Prove recursion for sum One should show, that
$$S(n,x,y):= (y-n)\sum_{k=0}^n \binom{n}{k} (x+k)^{k+1} (y-k)^{n-k-1}$$
satisties the recursion
$$S(n,x,y)=x(x+y)^n +n S(n-1,x+1,y-1),\quad \text{for} ~n\geq1,\quad S(0,x,y)=x.$$
I know that we should use Abels' generalization of the binomial theorem, that is
$$\begin{equation} (x + y)^n = \sum_{k=0}^n \binom{n}{k} x (x-kz)^{k-1} (y + kz)^{n-k}\end{equation}$$
for any $x, y, z \in\mathbb{R}$.
STARTING SOLUTION:
If I start with the right side, I get
$$\begin{align*}x (x+y)^n &+ n S(n-1,x+1,y-1) \\
         &= x (x+y)^n + n (y-n+1) \sum_{k=0}^{n-1} \binom{n-1}{k} (x+1+k)^{k+1} (y-1-k)^{n-k-2}\\
         &= x\sum_{k=0}^n \binom{n}{k} x (x-kz)^{k-1} (y + kz)^{n-k} \\
         &\hspace{2.1cm}+ n (y-n+1) \sum_{k=0}^{n-1} \binom{n-1}{k} (x+1+k)^{k+1} (y-1-k)^{n-k-2}\\
         &=\cdots\\
         &= (y-n) \sum_{k=0}^n \binom{n}{k} (x+k)^{k+1} (y-k)^{n-k-1} = S(n,x,y),\end{align*}$$
I do not really know how to continue from here, those anyone have a clue what could be inserted for z (and how one could shift the indices of the second sum to get the right term)?
 A: We start with the right-hand side and keep at first the focus on $nS(n-1,x+1,y+1)$.

We obtain
\begin{align*}
&\color{blue}{nS(n-1,x+1,y-1)}\\
&\qquad =n(y-n)\sum_{k=0}^{n-1}\binom{n-1}{k}(x+1+k)^{k+1}(y-1-k)^{n-k-2}\tag{1}\\
&\qquad= n(y-n)\sum_{k=1}^{n}\binom{n-1}{k-1}(x+k)^k(y-k)^{n-k-1}\tag{2}\\
&\qquad=(y-n)\sum_{k=0}^n\binom{n}{k}k(x+k)^k(y-k)^{n-k-1}\tag{3}\\
&\qquad\,\,\color{blue}{=S(n,x,y)-(y-n)\sum_{k=0}\binom{n}{k}x(x+k)^k(y-k)^{n-k-1}}\tag{4}
\end{align*}

Comment:

*

*In (1) we use the definition of $S(n,x,y)$.


*In (2) we shift the index $k$ by one.


*In (3) we use the binomial identity $\binom{n}{k}=\binom{n-1}{k-1}\frac{n}{k}$. We also start with index $k=0$ which doesn't change anything.
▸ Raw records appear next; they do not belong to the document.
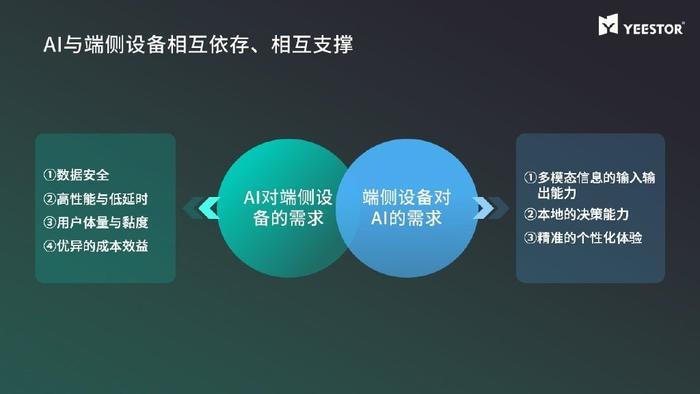 AI文本分析：工具安全性、培训、接口与系统整合探究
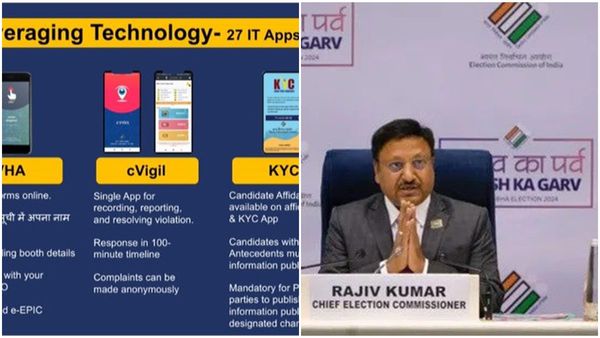 27 ആപ്പുകളും പോർട്ടലുകളുമായി തിരഞ്ഞെടുപ്പ് കമ്മീഷൻ; 100 മിനിറ്റിനുള്ളിൽ നടപടി ഉറപ്പ്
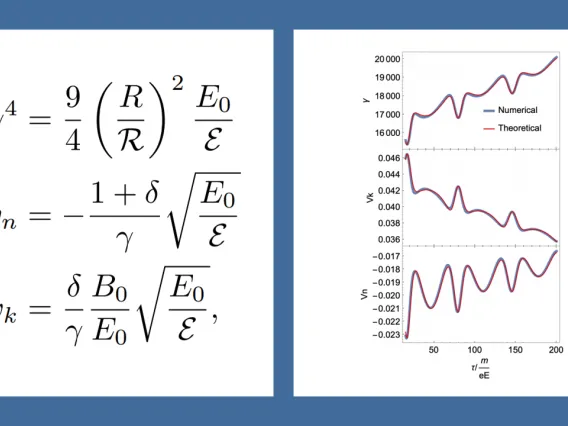 cai slide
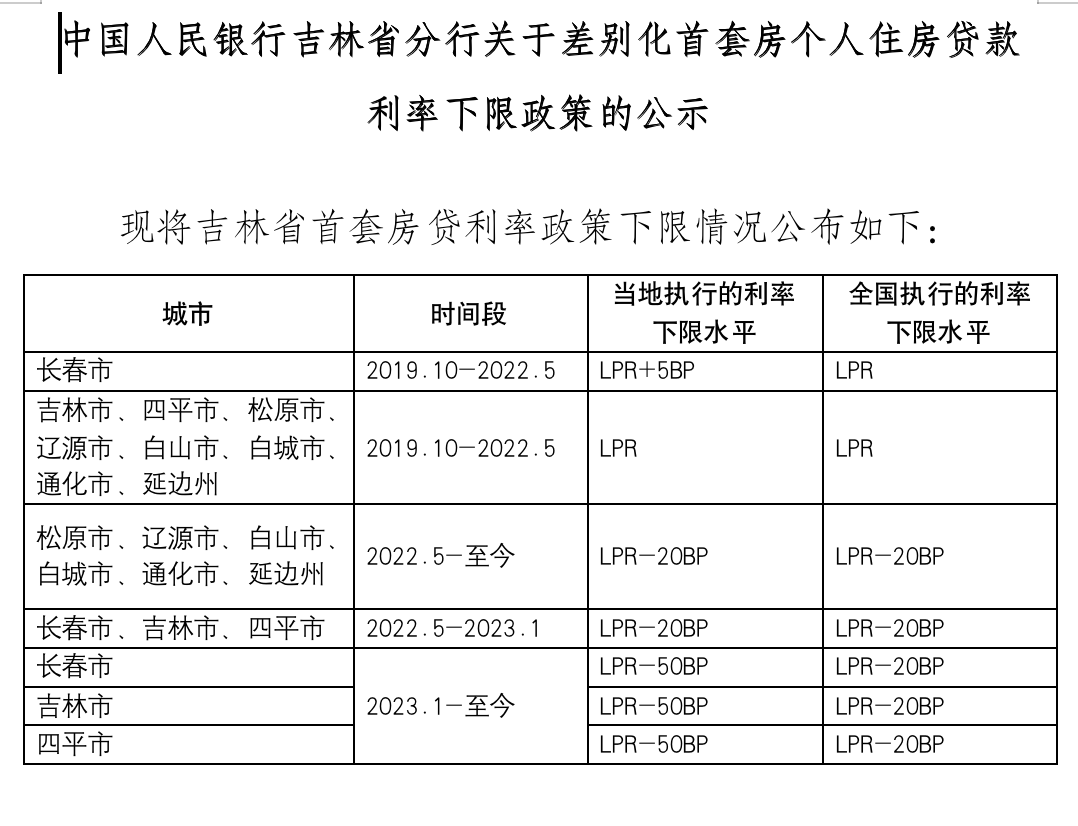 上海貨車貸款(上海車主貸款)? (http://www.xifuyun.com/) 知識問答 第10張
*In (4) we use $k=(x+k)-x$ and obtain a representation with $S(n,x,y)$.

Looking at (4) we observe the following is left to show:
\begin{align*}
(x+y)^n=\color{blue}{(y-n)}\sum_{k=0}\binom{n}{k}(x+k)^k(y-k)^{n-k-1}\tag{5}
\end{align*}
We use Abel's generalisation with $z=-1$ which gives
\begin{align*}
(x + y)^n = \color{blue}{x}\sum_{k=0}^n \binom{n}{k} (x+k)^{k-1} (y - k)^{n-k}\tag{6}
\end{align*}
and we see (6) is close to the wanted representation (5) indicating we could give the substitution $\color{blue}{x\to y-n}$ a try.

This substitution finally does the job.

We obtain
\begin{align*}
\color{blue}{(x+y)^n}&=((y-n)+(x+n))^n\tag{7}\\
&=\sum_{k=0}^n\binom{n}{k}(y-n)((y-n)+k)^{k-1}((x+n)-k)^{n-k}\tag{8}\\
&=\sum_{k=0}^n\binom{n}{k}(y-n)(y-(n-k))^{k-1}(x+(n-k))^{n-k}\\
&\,\,\color{blue}{=(y-n)\sum_{k=0}^n\binom{n}{k}(y-k)^{n-k-1}(x+k)^{k}}\tag{9}\\
\end{align*}
which is besides a factor $x$ the sum in (4) and the claim follows.

Comment:

*

*In (7) we use the substitution $x\to y-n$ and $y\to x+n$.


*In (8) we use Abel's generalised binomial theorem from (6).


*In (9) we change the order of summation $k\to n-k$.